What you should do: I would like the records restated word for word, without the pictures.

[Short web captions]
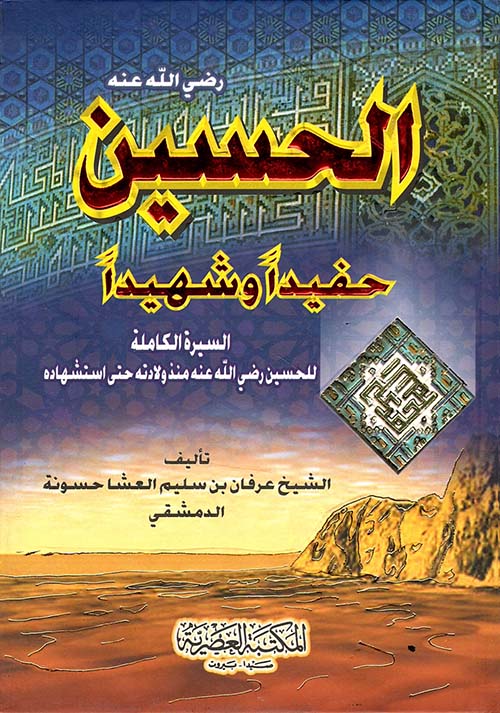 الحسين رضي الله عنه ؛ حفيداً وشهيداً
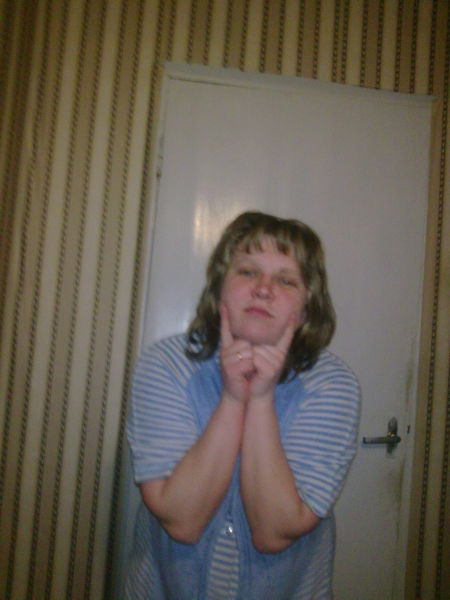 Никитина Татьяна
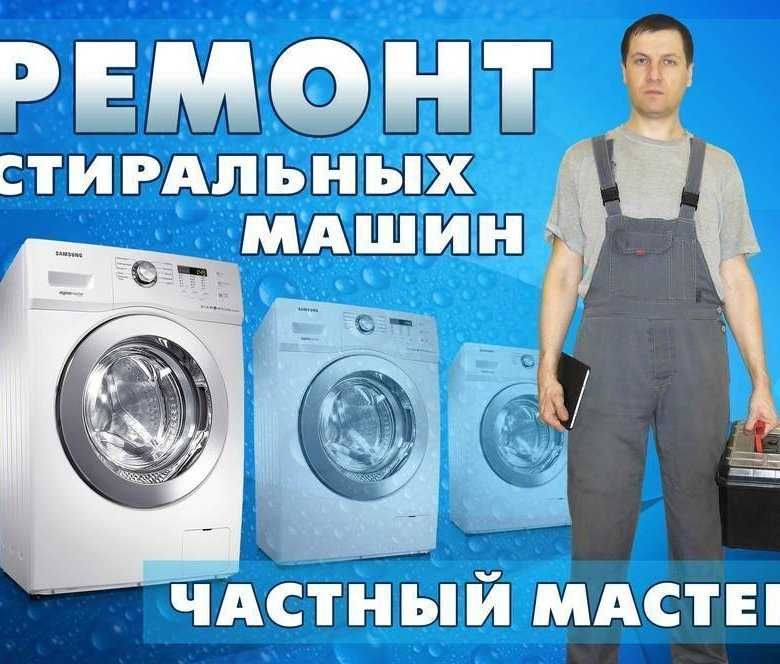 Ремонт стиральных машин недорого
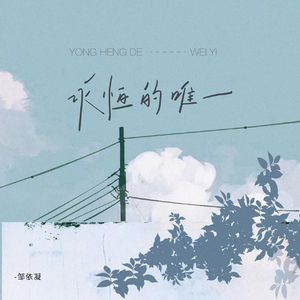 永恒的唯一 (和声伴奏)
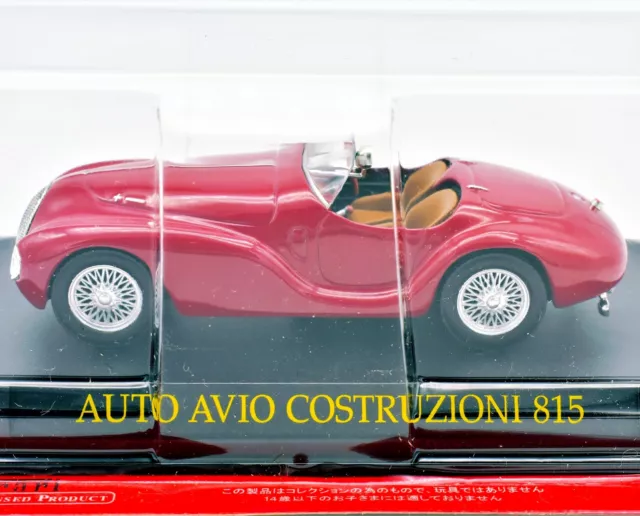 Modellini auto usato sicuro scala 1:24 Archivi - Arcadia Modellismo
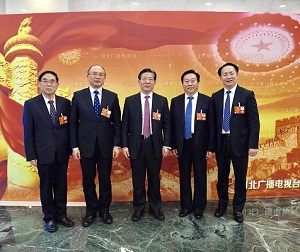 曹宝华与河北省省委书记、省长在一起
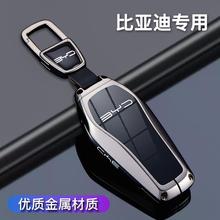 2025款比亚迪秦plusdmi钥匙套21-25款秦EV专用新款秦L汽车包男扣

Exercise output:
 الحسين رضي الله عنه ؛ حفيداً وشهيداً
 Никитина Татьяна
 Ремонт стиральных машин недорого
 永恒的唯一 (和声伴奏)
 Modellini auto usato sicuro scala 1:24 Archivi - Arcadia Modellismo
 曹宝华与河北省省委书记、省长在一起
 2025款比亚迪秦plusdmi钥匙套21-25款秦EV专用新款秦L汽车包男扣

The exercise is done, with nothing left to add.